Reis bu seçimde de Sadi Güven’e güvenmeyecek ve onu mutlu etmeyecek de kimi edecek?
Sadi, Arapça mutlu demek.
“El eli yıkar, el de yüzü!”
Altyapı duası
“Anahtar Teslimi” ve “Davetiye Usulü” sadece ihalelerde değil, seçime giderken de geçerli.
Bu gibi “incelikler” Tek Adamlığın sağlam altyapısı için zaten kaçınılmaz.
Tarihte ilk kez “Altyapı Bakanlığı” kurulması, başına da “olmazsa da olur cinsten” bir bakanın getirilmesi biraz da bundan.
Diyanet İşleri Başkanı Ali Erbaş, şimdilik hidayete ermemiş de olsa, içine doğmuş gibi, söylendiğine göre Altyapı Bakanı için dua bile etmiş: “Allah sinyalizasyonsuz trenleri esirgesin - Yağmur yağmasın ve yeni havalimanı deniz limanına dönmesin!”
Duası tutmadı.
İslam inancı altyapı için, “önce eşeği sağlam kazığa bağlamayı, sonrasında tevekkül etmeyi” gerektiriyor.
***
Binali Yıldırım, iktidarın Reis’ten sonraki en deneyimlisi.
Ortalıktaki biricik “İkinci Tek Adam” o.
Reis’in ona güvenmesi boşuna değil.
“Anahtar Teslimi” seçim için “hukuksal” altyapı ona emanet.
Halen TBMM Başkanı. Hem İstanbul’un rölantideki başkan adayı hem de yasamanın başı.
Millet egemenliğini temsil gibi yüce bir unvandan feragat edecek kadar da fedakâr.
Zaten fedakârlık onda alışkanlık yaratmış gibi.
“Tarihteki Son Türk Devleti’nin Son Başbakanı” sıfatına tamahen anahtarı Külliye’ye teslim etti.
Şimdi de İstanbul Belediyesi başkan adaylığına tayini çıktı. Mevkisiz kalma tehlikesine karşı da kolları sıvadı..(Gerçi Reis’in elinde sayısız ve boş “ReisYardımcılığı” koltuğu var. En kötü ihtimal “Külliye’de sağ kolu olur, bey gibi yaşar!)
İşi sağlam tutup YSK’cilerin görevini uzatıyor. Köprüden tünelden geçenlere yazılan milyonlarca liralık cezaları da affettiriyor. Vermeden almak Allah’a mahsus. Çorba yasanın içine her şey katılabiliyor. İstanbul’u ve tüm sahilleri daha tanınmaz hale getirecek İmar Barışı’nı genişletmeyi de çorbaya kattı. Barış gibi kutsal sözcük de ranta kurban edilecek. Bundan en az 9 milyon kaçak mülk sahibi yararlanacakmış.
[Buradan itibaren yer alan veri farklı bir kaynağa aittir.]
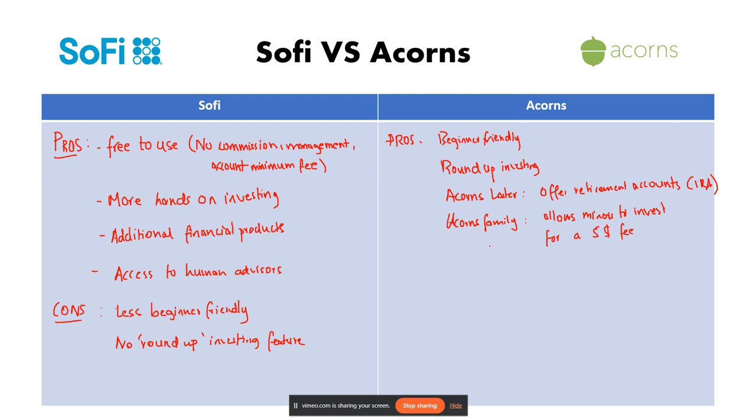Now for the cons of Acorns. The first con is limited investment options — it primarily focuses on pre-built portfolios with ETFs. The second con is a monthly fee of one dollar, which isn't big, but it is still a recurring fee.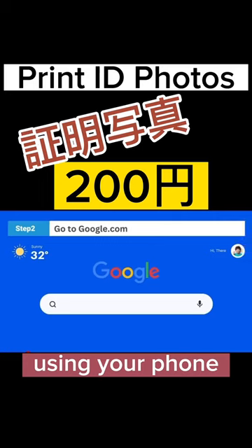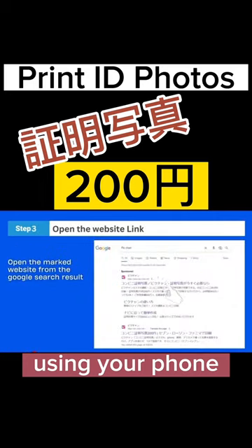Then go to google.com and search for PicChan. Open the marked website link.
“Al Yapı Kayıt Belgesi’ni - Ver oyu!”
Bu hesaba “Peygamber Ocağı”nın “Gaz ocağı”na dönüştürebileceği için kaygı duyulan dünyanın en büyük bedelli ordusundan (700 bin genç) gelebilecek oyları da eklemek gerek.
İş bilenin çorba içenin!
Zaten siyasette vermeden almak da artık mümkün değil.
Seçmen 17 yıldır madde bağımlısı gibi avantaya - yalana - boş vaatlere alıştırıldı.
Muhalefetin vereceği bir maddiyat yok. O da çok sağlam ve arkası dolu sözler verebilse keşke...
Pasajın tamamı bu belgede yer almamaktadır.